Given records:
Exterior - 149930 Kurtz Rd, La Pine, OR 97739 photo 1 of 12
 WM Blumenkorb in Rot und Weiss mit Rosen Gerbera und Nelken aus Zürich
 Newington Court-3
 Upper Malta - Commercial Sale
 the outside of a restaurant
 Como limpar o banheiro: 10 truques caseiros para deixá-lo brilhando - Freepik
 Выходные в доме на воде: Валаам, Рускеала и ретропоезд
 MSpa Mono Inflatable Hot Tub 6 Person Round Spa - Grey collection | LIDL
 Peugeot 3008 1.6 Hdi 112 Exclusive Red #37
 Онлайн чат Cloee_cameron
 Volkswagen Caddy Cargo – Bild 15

Problem requirements: Copy exactly the lines that begin with the one containing "Newington Court-3" and continue to the end of the records, both included, and nothing more.

Answer below:
 Newington Court-3
 Upper Malta - Commercial Sale
 the outside of a restaurant
 Como limpar o banheiro: 10 truques caseiros para deixá-lo brilhando - Freepik
 Выходные в доме на воде: Валаам, Рускеала и ретропоезд
 MSpa Mono Inflatable Hot Tub 6 Person Round Spa - Grey collection | LIDL
 Peugeot 3008 1.6 Hdi 112 Exclusive Red #37
 Онлайн чат Cloee_cameron
 Volkswagen Caddy Cargo – Bild 15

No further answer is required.